Clare County Review & Marion Press

Pat’s Bits and Pieces: Indian Summer?

I don’t know if what we have been enjoying qualifies as Indian Summer or not, but I like it.
We are now half-way through October and the weather recently has been more like September with temps around 65-70 degrees during the days and cool- sometimes frosty overnight.
The color around here, although it is not completely turned yet, is still pretty spectacular. I’ve been doing some driving lately and I’m sure enjoying the show.
Better enjoy it while we can. I think it will be peak color in about a week, then the leaves will be coming down like rain every time the wind blows around here.

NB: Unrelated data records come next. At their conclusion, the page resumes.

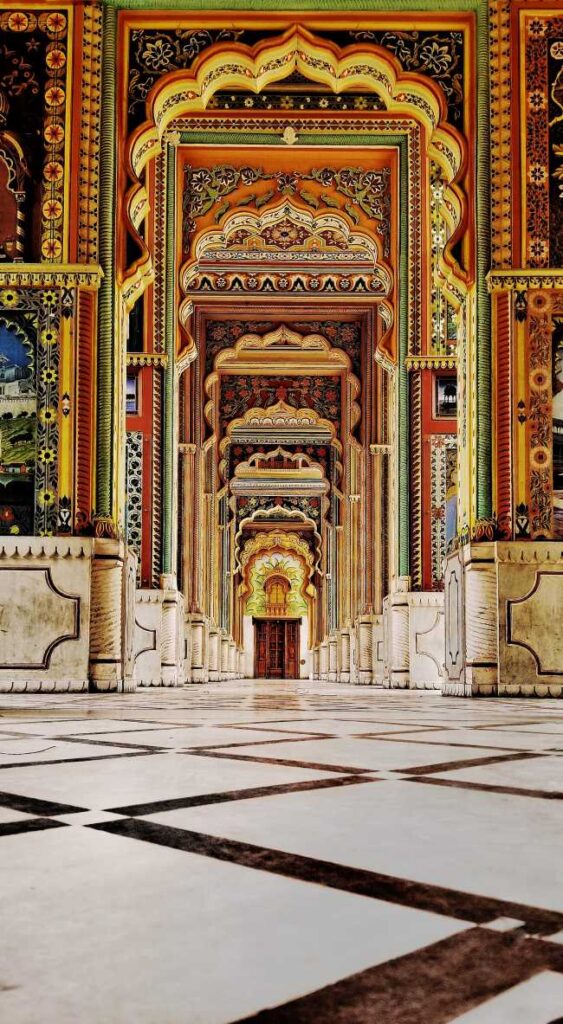 Beautifully decorated Patrika Gate in Jaipur is One of the best things to do.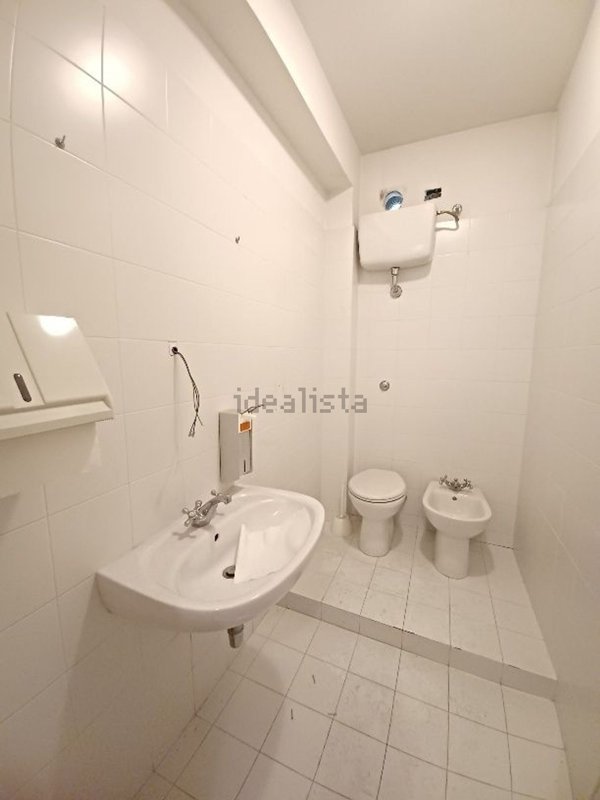 ufficio in vendita a Pisa in zona Porta a Lucca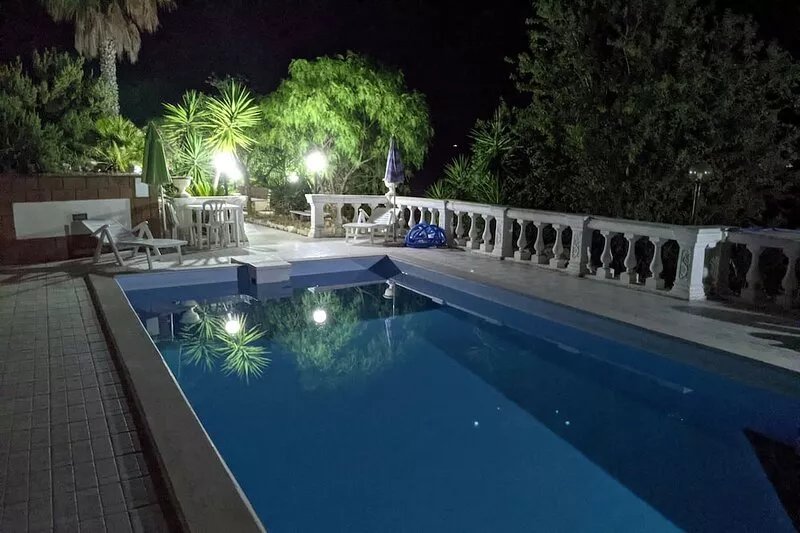 Exquisite Holiday Villa, spacious terrace and pool in the Sicilian countryside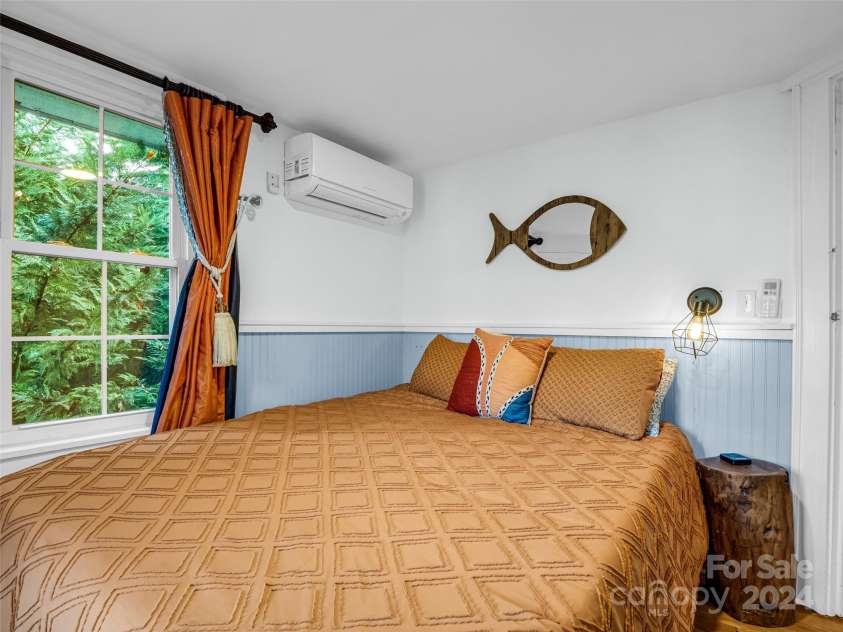 291 Tryon Bay Circle, Lake Lure, NC 28746.  MLS# CAR4202352, YatesRealty ID 4885. 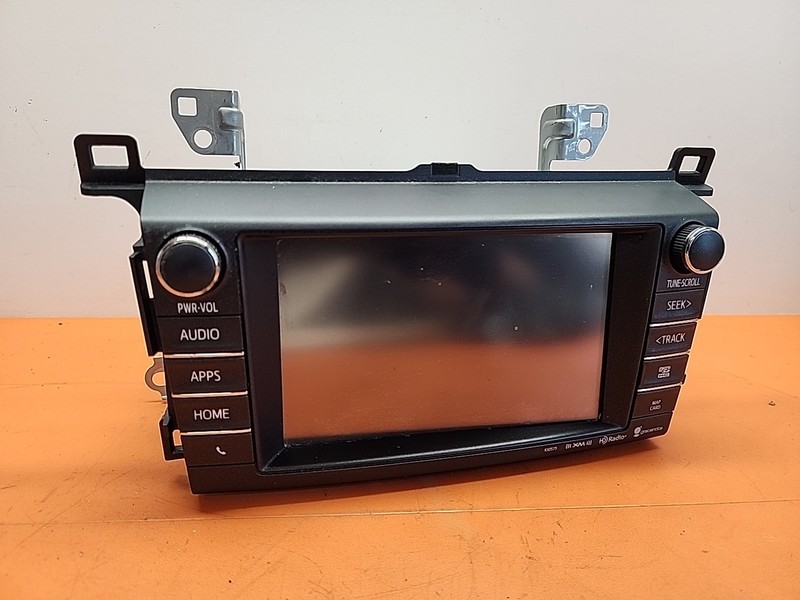 8610042240 | 2014 - 2018 Toyota RAV4 GPS Navigation HD Radio XM || 100575 OEM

When fall is like this, mostly sunny with bright reds, oranges and yellows on the early turning trees, it really is a beautiful time of year.

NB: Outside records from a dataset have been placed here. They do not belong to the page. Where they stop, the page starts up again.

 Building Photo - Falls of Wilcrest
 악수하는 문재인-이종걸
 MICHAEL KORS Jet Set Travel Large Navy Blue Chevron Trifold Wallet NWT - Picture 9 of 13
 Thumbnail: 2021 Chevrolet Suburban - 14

We had lunch Monday with family in Shepherd, where the color downtown is absolutely glorious and seems further along than around here, where it is, while beautiful in places, still spotty.

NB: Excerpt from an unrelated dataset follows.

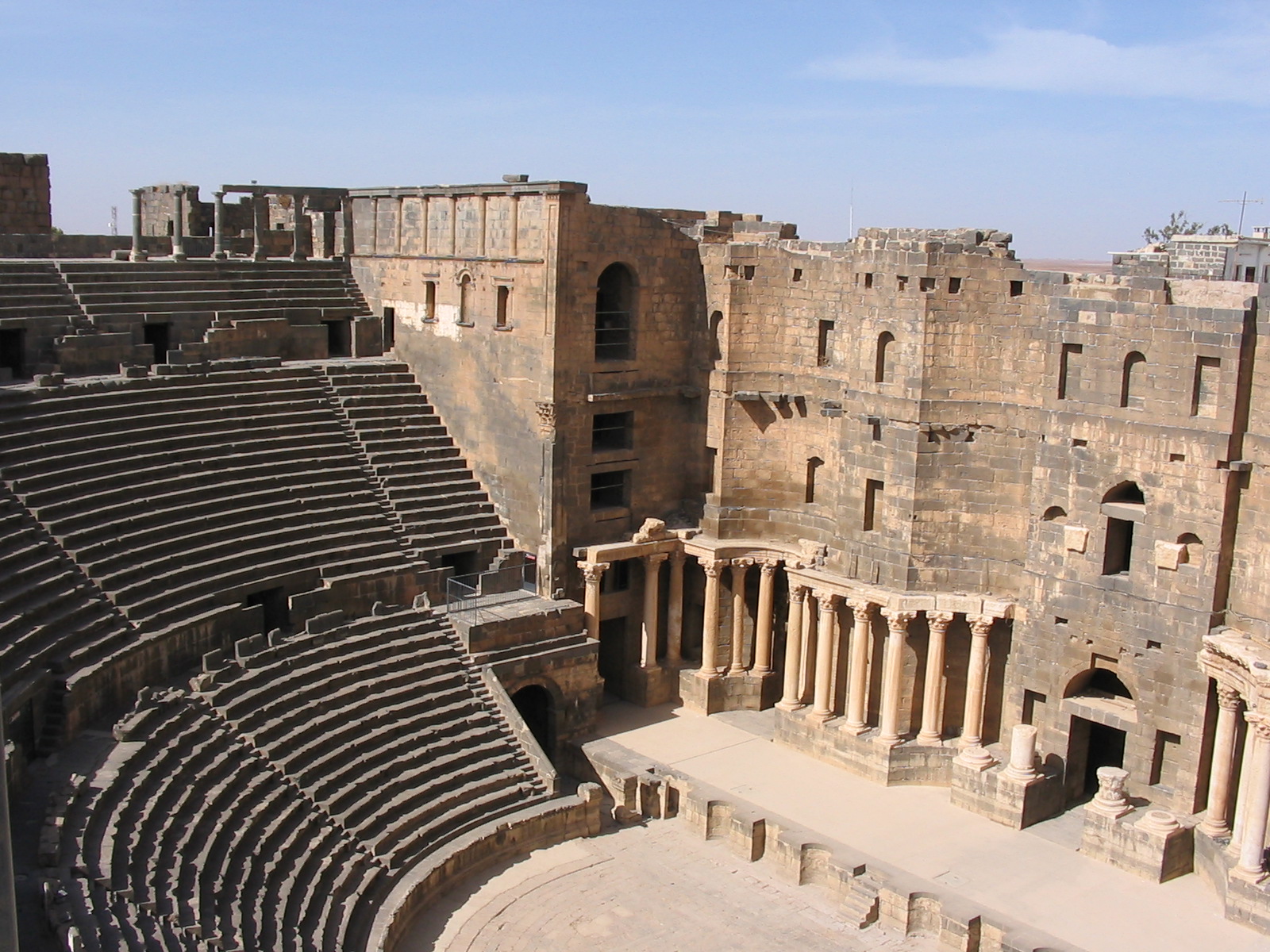 Bostra theater.jpg
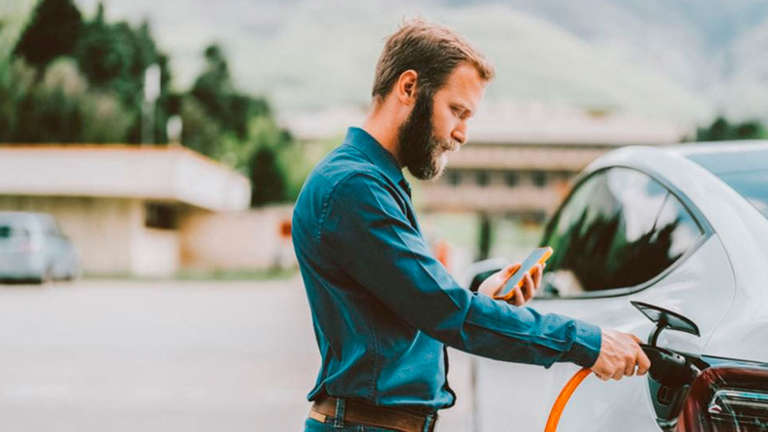 Ayvens Mand Med Bil 2025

And there’s still flowers blooming all over the place, in fact, my marigolds are pretty spectacular although we have had a little frost some mornings (today for instance).
The feeders are still going strong, although the hummers are long gone now. We still have a pretty full crew attacking those seeds several times a day. Jack has to fill them about every second or third day just to keep those little beggars happy.
Halloween is only a couple of days over two weeks away, and I’m sure the youngsters are already busy deciding what to wear for the occasion. Hopefully our mild weather will hold on so they can have a good time when they are out Trick or Treating. All our area communities, Clare, Farwell and Harrison, will hold their annual hours on the 31st, which falls on Monday this year. Harrison hours will be from 5 to 7 pm; Farwell’s Trick or Treat hours are from 5:30 – 7:30 pm; Clare, Rosebush, Coleman and Mt. Pleasant will all have Trick or Treat hours from 6 to 8 pm.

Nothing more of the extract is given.